Den ÖBB ist die Sicherheit der Fahrgäste ebenfalls sehr wichtig. Nach einer durchgeführten Umfrage fühlen sich mehr als 78 Prozent der Kundinnen und Kunden bei den ÖBB sicher bzw. sehr sicher. Zahlreiche Initiativen wie die personelle Aufstockung des Sicherheitspersonals und bauliche Maßnahmen wie die Beseitigung von uneinsehbaren Flächen haben dazu beigetragen. Der Bahnhof Dornbirn ist mit einer Frequenz von rund 10.000 Personen pro Tag, welche die Bahn nutzen, einer der größten in Vorarlberg und eine wichtige Verkehrsdrehscheibe. Rechnet man den Busknoten am Bahnhofsvorplatz noch hinzu, nutzen rund 30.000 Personen täglich das Bahnhofsareal.
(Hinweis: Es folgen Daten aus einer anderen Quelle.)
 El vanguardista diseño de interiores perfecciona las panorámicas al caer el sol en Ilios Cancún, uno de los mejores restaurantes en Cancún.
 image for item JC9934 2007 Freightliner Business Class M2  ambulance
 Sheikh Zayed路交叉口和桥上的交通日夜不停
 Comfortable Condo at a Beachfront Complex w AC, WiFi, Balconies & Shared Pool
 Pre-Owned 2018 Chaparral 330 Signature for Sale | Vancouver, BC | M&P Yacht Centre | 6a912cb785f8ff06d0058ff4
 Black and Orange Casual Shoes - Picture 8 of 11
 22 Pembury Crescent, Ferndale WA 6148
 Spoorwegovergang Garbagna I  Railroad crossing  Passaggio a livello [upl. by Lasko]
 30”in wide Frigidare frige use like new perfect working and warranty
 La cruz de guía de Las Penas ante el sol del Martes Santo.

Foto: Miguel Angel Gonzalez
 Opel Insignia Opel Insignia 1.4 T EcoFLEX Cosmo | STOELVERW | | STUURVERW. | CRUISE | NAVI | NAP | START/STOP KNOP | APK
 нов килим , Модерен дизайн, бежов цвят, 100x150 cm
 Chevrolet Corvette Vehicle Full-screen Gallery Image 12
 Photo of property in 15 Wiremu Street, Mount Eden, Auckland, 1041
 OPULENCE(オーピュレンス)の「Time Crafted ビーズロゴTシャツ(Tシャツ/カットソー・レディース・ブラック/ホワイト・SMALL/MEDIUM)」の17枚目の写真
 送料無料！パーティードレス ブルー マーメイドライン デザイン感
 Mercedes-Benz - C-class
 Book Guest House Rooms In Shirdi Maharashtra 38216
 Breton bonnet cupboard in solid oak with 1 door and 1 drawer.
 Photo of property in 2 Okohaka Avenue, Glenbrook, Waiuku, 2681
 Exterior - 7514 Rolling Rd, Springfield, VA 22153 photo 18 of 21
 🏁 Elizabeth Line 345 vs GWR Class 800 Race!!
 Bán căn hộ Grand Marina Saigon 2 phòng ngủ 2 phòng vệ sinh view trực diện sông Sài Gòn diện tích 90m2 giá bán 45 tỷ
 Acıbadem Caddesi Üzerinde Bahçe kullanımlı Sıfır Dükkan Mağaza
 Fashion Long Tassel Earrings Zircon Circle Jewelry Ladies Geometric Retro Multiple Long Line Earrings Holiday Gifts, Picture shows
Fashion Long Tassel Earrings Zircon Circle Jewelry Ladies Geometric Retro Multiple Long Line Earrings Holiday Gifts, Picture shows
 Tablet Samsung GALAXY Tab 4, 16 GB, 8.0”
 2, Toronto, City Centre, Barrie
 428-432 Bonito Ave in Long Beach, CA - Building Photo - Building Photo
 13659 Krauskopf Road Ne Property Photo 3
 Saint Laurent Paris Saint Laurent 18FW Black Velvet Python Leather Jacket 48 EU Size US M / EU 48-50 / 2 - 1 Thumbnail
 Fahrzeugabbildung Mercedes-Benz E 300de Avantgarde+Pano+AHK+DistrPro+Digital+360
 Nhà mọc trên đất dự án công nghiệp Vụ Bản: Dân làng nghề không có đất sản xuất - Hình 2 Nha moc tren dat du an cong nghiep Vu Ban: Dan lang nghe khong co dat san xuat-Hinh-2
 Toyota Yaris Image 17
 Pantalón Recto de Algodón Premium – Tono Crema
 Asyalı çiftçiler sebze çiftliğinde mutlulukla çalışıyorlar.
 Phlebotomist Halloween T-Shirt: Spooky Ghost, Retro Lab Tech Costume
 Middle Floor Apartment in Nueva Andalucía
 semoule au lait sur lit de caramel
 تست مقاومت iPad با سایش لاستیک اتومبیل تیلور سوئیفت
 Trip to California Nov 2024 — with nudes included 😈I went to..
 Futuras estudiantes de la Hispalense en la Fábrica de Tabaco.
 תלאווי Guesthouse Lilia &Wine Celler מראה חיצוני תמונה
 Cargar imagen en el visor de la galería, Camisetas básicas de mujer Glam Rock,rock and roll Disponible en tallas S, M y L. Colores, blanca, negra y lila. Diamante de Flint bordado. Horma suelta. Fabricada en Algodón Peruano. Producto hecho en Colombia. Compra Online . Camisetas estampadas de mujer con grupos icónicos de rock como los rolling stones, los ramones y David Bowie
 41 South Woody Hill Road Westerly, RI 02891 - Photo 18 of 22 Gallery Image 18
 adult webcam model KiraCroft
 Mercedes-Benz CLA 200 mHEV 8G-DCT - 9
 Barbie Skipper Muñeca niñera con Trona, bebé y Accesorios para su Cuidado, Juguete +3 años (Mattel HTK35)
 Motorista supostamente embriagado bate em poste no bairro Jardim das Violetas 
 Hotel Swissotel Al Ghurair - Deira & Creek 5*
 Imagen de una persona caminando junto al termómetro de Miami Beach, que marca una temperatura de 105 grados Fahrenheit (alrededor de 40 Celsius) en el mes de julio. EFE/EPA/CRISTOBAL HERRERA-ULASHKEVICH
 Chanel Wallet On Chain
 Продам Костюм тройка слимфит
Stärkung des subjektiven Sicherheitsgefühls
Objektiv ist der Bahnhof ein sicherer Ort; dies ist belegt durch die Kriminalstatistik - die Zahl der Straftaten ist im Vergleich zu andere öffentlichen Orten nicht überdurchschnittlich hoch und in den letzten Jahren auch nicht gestiegen. Um die Sicherheit weiterhin hoch zu halten und auch das subjektive Sicherheitsgefühl der Menschen zu stärken, wurden und werden in enger Zusammenarbeit mit Partnern wie der Bundespolizei, der Stadtpolizei und der Stadt Dornbirn laufend Maßnahmen gesetzt. Es gilt u.a. die Bestimmungen der Hausordnung und auch das in Kooperation mit der Stadt eingeführte Alkoholverbot durchzusetzen sowie gesetzliche Regeln einzuhalten und Verstöße dagegen zu ahnden. Diesem Zweck dienen auch gemeinsame Kontrollen von ÖBB und Polizei wie jene am vergangenen Freitag. Dabei haben Sicherheitsmitarbeiter der ÖBB die Polizei bei ihren Tätigkeiten unterstützt. Gleichzeitig wurden von den ÖBB Fahrscheinkontrollen durchgeführt.

Bilanz des gemeinsamen Sicherheitsschwerpunktes
Die Polizei führte im Rahmen der gemeinsamen Schwerpunktaktion 64 Kontrollen durch und erstattete zwei Anzeigen. Seitens der ÖBB wurden bei den Fahrscheinkontrollen 14 Personen ohne gültiges Ticket angetroffen und müssen eine Fahrgeldnachforderung bezahlen. Den ganzen Tag über wurden insgesamt 34 Personen ohne gültiges Ticket im Zug angetroffen. Insgesamt waren acht Beamte der Bundespolizei, vier Dornbirner Stadtpolizisten und 16 Mitarbeiter der ÖBB an der gemeinsamen Aktion beteiligt. Bei diesen Kontrollen waren die Teams der ÖBB-Security erstmals in Vorarlberg mit drei Bodycams ausgestattet. Die Geräte werden in einem vierwöchigen Testbetrieb im Einsatz sein. Die Vollausrollung ist für den Spätsommer dieses Jahres geplant. Pilotversuche haben gezeigt, dass Bodycams eine präventive und deeskalierende Wirkung haben. Weitere Schwerpunktaktionen sind geplant.